Now I'm aware that most of these guys aren't living in the optimal conditions, either in terms of space, shoaling comfort, etc. Thus why I'm ready to get the 75 gallon now that I've been able to see that these are the fish that I like. 

75 tank build:

Future Fish:

5 glofish danios
3-4 roseline sharks - don't school too much + pricey at $20+
4 cherry barbs - certainly have a hierarchy of dominance, but rarely school
6 rummy nose tetras
8 celestial pearl danios
2 blue rams
2 syno petricola catfish
1 reticulated hillstream loach

Also considering the following:

2 gold rams - depends on if they are as tolerant of water conditions as blues
2 double red/triple red/etc apistos cockatoos - unsure if wise, haven't tested
6 tiger barbs - depends on # necessary for them to not fin-nip others
1-2 - some other bottom feeder/cleaner but haven't found anything interesting


Future Plants:
2 anubias nanas
2 java ferns
2 amazon swords
1 hedge
2 anacharis (may return, they litter too much)
2 wisteria (untested)
1 java moss (untested)


Future Techs:
Heater (unsure what wattage to get)
2 AquaClear 110 (unsure, everybody seems to use marineland emperors or canisters for bigger tanks)


Substrate: 
black gravel - from 30 gallon
red gravel scattered - from 30 gallon
black tahitian moon sand as majority (untested)



Any thoughts guys? I'm sure I'm doing a lot of things many wouldn't agree with, but that's why I'm asking. I'm unsure particularly concerning the AquaClear 110, I've never seen anybody use them over the emperors in 55+ tanks. I also get mixed reviews concerning canisters so am unsure if I should get them instead of the ACs.


----------



## WhiteGloveAquatics (Sep 3, 2009)

Rams are the same, strains dont matter, if your two are fine now, the new ones will be, drip acclimate them though , a good 2hr drip seems to be fine for them, mine went from 7.6 to 6.8 via the drip system and had no issues. best part is they dont stick to their strains to mate, I got a german blue female and a electric blue male.
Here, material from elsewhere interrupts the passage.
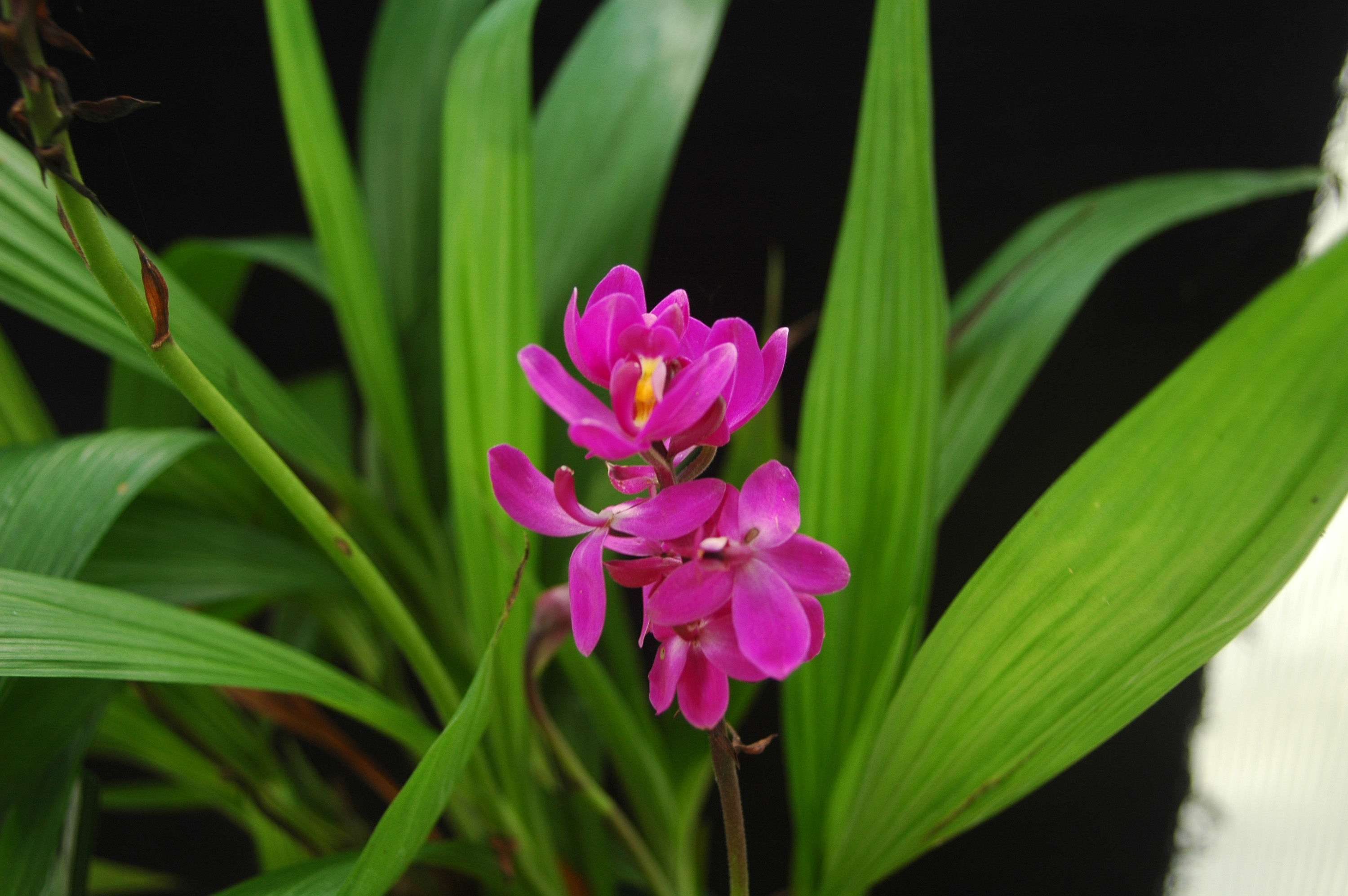 Image of Spathoglottis unguiculata (Labill.) Rchb. fil.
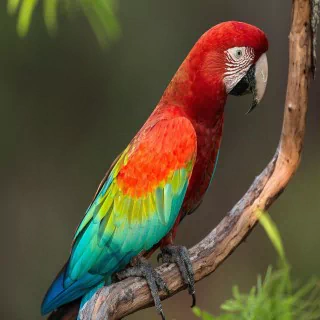 Animal parrot PFP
I prefer AC's over any filter for HOB uses they are the best HOB you can get, no other filter matches its price and versatility.


----------



## Mikolas (Jan 16, 2010)

Would you prefer a Fx5 fluval canister over 2 110 ACs? I would normally just get the 2 110 ACs, however, it is just that I know I will eventually (in about a year) get a 120+ gallon tank. Once that happens, I assume a canister is better, so I'm just wondering if I should just save myself the trouble of having leftover ACs that I wouldn't use in the future by buying the canister now.

How many heaters and what wattage should I get for them.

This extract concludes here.